As I am still attending college next semester to fulfill my credits for my bachelors' degree, I will have finished my last Communications class this semester. What a joy it has been to be invested in a study that allows me to open my mind and realize how important it is to communicate with those around me.
Sure, from a young age, we are taught how to communicate what we need, what we want, what we are feeling, and how to express ourselves through multiple channels. But, as a communication professional, I've become aware of the depths that it takes to do such an obvious task. I'd love to reflect on what I have learned and maybe pass along some insight and knowledge!
People are complicated, simple as that. But what is more complicated is not knowing how to speak or act with those who are different from us. Yes, that is a broad statement because everyone is different, and what I mean are those around who are from different countries or a different culture, or just an overall background. For me, I find this important to know because I love traveling and meeting new people, and the last thing I'd want to happen would be offending someone because of what I verbally or non-verbally say. My first source of insight is knowing.

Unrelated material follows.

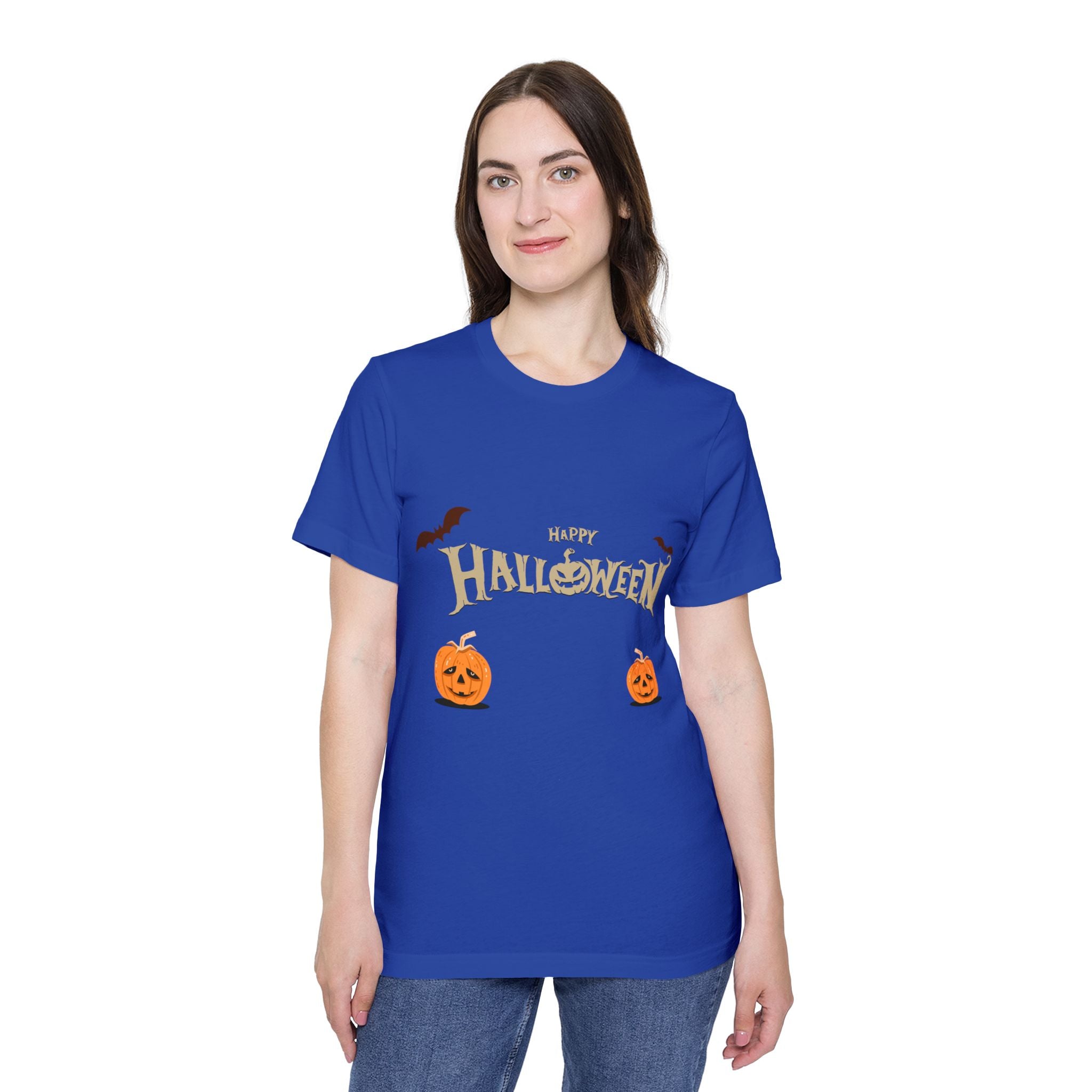 Halloween with Pumpkins | USA-Made Unisex Short-Sleeve Jersey T-Shirt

Knowledge is key to getting to realize what influences make up an individual; what kind of mannerisms are common, words that are miscommunicated, or hand gestures that are used differently. All of these things need to be taken into account to communicate as accurately as possible. One thing that is not going to help this process is assuming something about a person based on who they seem to be. As humans, first impressions are everything, but as I've learned, you cannot always judge a book by its cover because more times than not, you're wrong. Communication with those around us, familiar or not, should always begin with knowing and having a full understanding of their perspectives and world-view.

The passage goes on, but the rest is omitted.